Q116 Baroness Neuberger: Very quickly, you know what we are trying to do: we want to create an environment where our science and technology base can be translated into productive companies that grow and build and stay in the UK. That is what we want to get to. We have to do a report and we have to give some solid—dare I say it—almost easy recommendations; we are going for at least doable recommendations. If you each had two to give, what would they be?
Irene Graham: You have to be consistent and build on what is working, make permanent what exists today, at scale—that is not necessarily the case in all instances—and give agility. I have talked about the importance of that in relation to the British Business Bank and the development banks, and how you organise government effectively to join up as well as maintaining the tax breaks. Then you have a real opportunity under the industrial strategy, the small business strategy and the trade strategy to make sure they are focused on scale-ups, to make sure that procurement is used as a lever into this environment, and that you create the account management around that.
Those are three strategies coming out that really need to home in on the scale-up economy side and think about the organisation of government and that procurement lever through that.
Ian Merricks: The good news here is that we are not asking for more capital. The suggestions I would make are to target the capital and the capital reforms that are currently in train, whether those are the Mansion House reforms, the Invest in Women Taskforce—a £250 million new pot—or the British Growth Partnership, and target those where the data shows there is a need. It is very easy to get carried away with, “We need to create more £400 million cheques to create carbon-neutral rocket ships”; I sat in a round table with Secretary of State for DBT and heard that, and saw it noted and people thinking, “Oh yes, we should do more of that”. That is a very small market, where the other end of the funnel has a massive break in it that is stopping our future scale-ups coming through. So, target capital where the data shows it is needed.
It is not just about the provision of capital but about ensuring that there is structured scale-up support, particularly with reference to investor readiness, resourced on a nationwide basis. The capital is there, the companies are struggling to access the capital, and that is particularly worse once you get into the regions. London has six times the amount of funding going into it than any other UK region.

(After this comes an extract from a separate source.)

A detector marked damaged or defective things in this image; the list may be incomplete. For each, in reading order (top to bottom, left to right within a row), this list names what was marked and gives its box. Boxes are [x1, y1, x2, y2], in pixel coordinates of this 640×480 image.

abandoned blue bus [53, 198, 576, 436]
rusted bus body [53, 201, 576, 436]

Secondly—I am probably answering your question with a very liberal definition of ones and twos—is for government to maybe listen harder. You have asked for concrete policy recommendations. We presented the Government with six consensus-backed recommendations, supported by 100 ecosystem leaders and £10 billion-worth of VCs, presented it at 60+ meetings over the past 10 months. We have really been through the houses with all that. Yet, while that has all been talked about, three more quarterly declines have occurred.

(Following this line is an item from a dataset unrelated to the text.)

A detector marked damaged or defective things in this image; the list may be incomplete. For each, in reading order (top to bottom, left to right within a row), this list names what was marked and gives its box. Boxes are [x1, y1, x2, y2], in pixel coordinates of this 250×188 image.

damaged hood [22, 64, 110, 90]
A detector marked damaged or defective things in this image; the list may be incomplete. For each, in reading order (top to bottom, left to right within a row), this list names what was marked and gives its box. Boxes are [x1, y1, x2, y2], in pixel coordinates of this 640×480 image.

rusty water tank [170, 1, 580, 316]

That is definitely not a sensible pace for a Government who are focused on growth. We have to remember that we are in a competitive global landscape. This is not about the UK and our regions but about how we perform in the world, and we are definitely slipping behind. So targeted capital and support where they are needed and greater venture collaboration with the private sector would be my two.
The Chair: Thank you both for giving us your time. It has been a very interesting session and very informative, and we are very grateful to you.